DIRECTIONS: Your task is to transcribe all the entries exactly, excluding pictures.

Annotated photo localization data:
↓
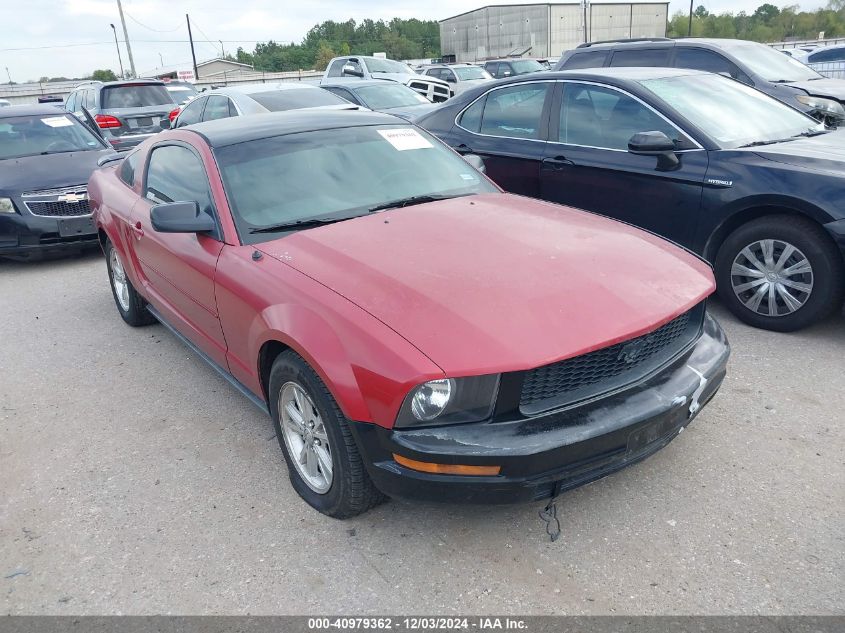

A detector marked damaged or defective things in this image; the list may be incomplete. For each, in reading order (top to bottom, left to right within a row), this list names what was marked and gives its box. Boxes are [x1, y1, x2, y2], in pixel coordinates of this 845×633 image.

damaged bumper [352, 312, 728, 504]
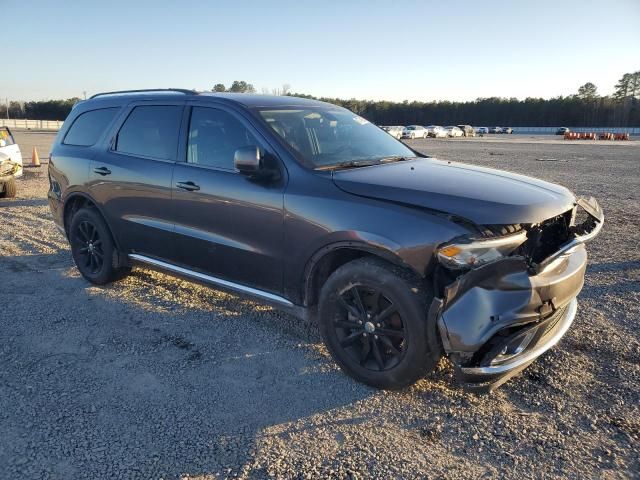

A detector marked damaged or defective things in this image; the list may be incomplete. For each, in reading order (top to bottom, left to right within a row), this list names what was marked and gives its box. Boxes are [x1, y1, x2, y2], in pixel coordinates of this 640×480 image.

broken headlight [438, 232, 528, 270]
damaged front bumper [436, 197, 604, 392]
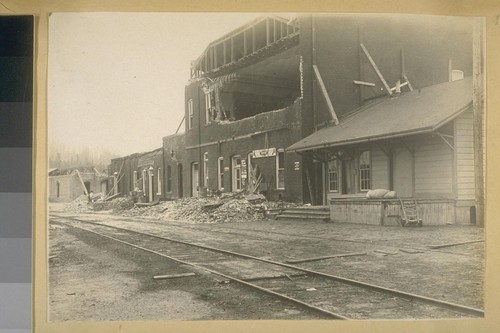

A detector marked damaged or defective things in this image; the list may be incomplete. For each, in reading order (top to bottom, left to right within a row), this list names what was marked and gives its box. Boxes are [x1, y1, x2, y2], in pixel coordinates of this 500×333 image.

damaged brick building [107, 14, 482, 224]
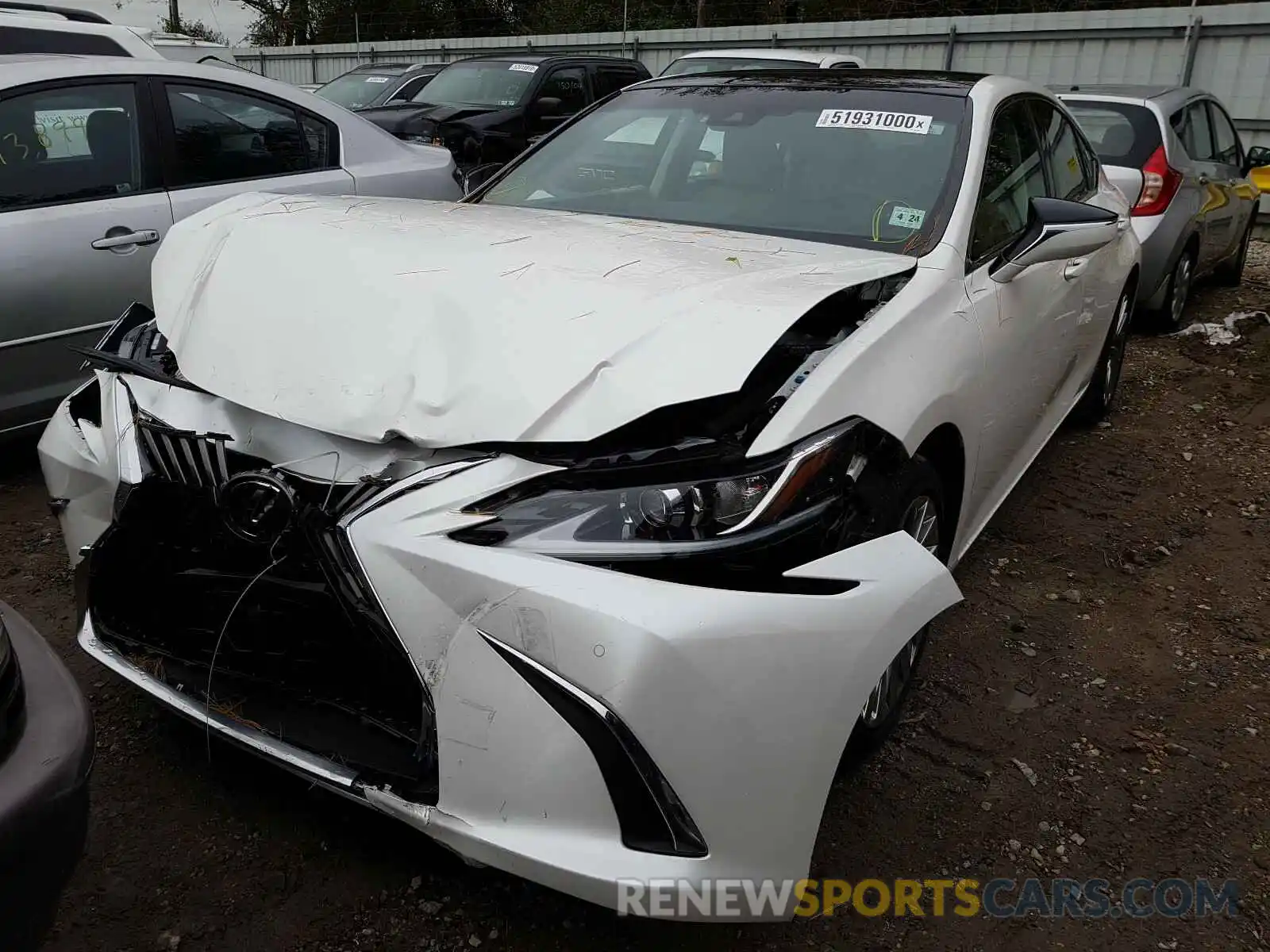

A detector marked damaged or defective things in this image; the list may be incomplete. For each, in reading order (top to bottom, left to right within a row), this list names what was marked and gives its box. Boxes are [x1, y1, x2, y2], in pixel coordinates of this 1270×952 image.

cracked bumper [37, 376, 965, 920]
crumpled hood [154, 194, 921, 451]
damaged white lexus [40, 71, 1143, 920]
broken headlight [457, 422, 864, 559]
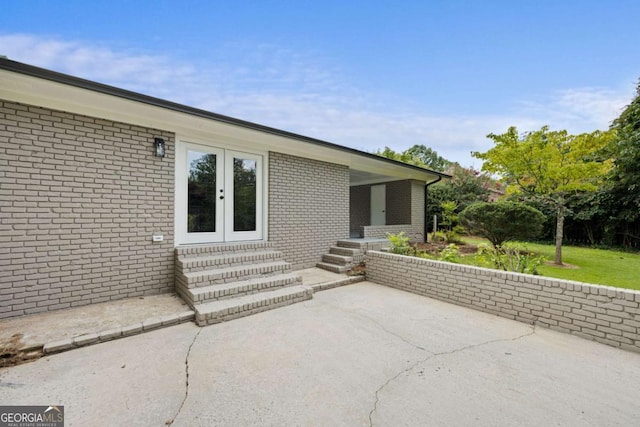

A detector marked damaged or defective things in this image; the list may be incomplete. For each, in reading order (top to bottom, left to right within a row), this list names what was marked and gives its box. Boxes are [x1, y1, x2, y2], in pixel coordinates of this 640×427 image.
↑
OUTPUT FOR THIS TASK:
A detector marked damaged or defective things in this image; the list may be incomplete. For each, in reading order (top to bottom, left to right within a row), this list names what was marked and gives its box. Boxes are [x1, y1, x2, y2], in pixel coordinates of this 845×633 image.

damaged bumper [352, 312, 728, 504]

A detector marked damaged or defective things in this image; the list may be incomplete. For each, in reading order (top to bottom, left to right within a row), this list names what was marked and gives its box. Boxes are [x1, y1, x2, y2], in pixel coordinates of this 640×480 image.

broken headlight [438, 232, 528, 270]
damaged front bumper [436, 197, 604, 392]

A detector marked damaged or defective things in this image; the list may be incomplete. For each, in reading order (top to bottom, left to right within a row), this list names what was marked and gives its box. Boxes are [x1, y1, x2, y2], in pixel coordinates of this 500×333 image.

damaged brick building [107, 14, 482, 224]

A detector marked damaged or defective things in this image; the list may be incomplete. For each, in reading order (top to bottom, left to right within a row), this list names what was marked and gives its box. Boxes are [x1, y1, x2, y2], in pixel coordinates of this 1270×952 image.

cracked bumper [37, 376, 965, 920]
crumpled hood [154, 194, 921, 451]
damaged white lexus [40, 71, 1143, 920]
broken headlight [457, 422, 864, 559]

A detector marked damaged or defective things in this image; the list may be incomplete. For each, in reading order (top to bottom, left to right within a row), this list names what was marked and gives its box. Boxes are [x1, y1, x2, y2], in pixel coordinates of this 640×427 image.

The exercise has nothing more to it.